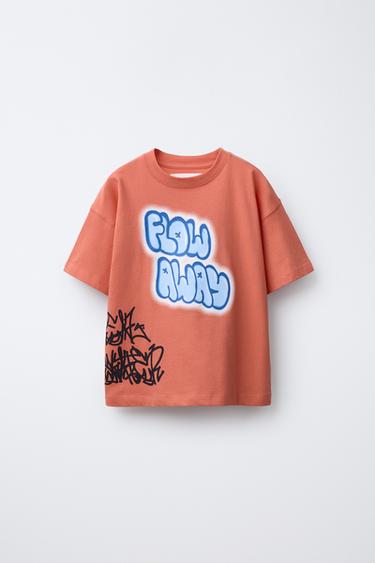 T-SHIRT À IMPRIMÉ GRAFFITI - Corail de Zara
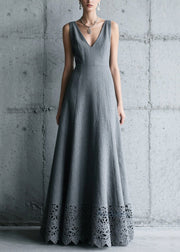 Elegant Charcoal Grey V Neck Patchwork Cotton Long Dress Summer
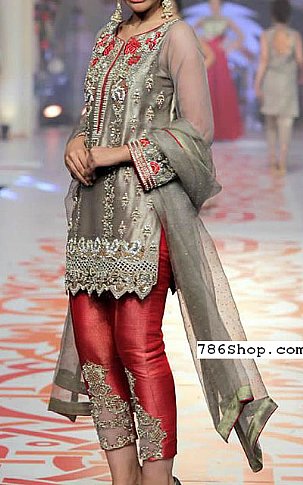  Grey Net Suit | Pakistani Party Wear Dresses- Image 1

### YOUR GOAL
Give the data above again in full and unchanged, skipping the pictures.

### SOLUTION TO THIS PROBLEM
 T-SHIRT À IMPRIMÉ GRAFFITI - Corail de Zara
 Elegant Charcoal Grey V Neck Patchwork Cotton Long Dress Summer
  Grey Net Suit | Pakistani Party Wear Dresses- Image 1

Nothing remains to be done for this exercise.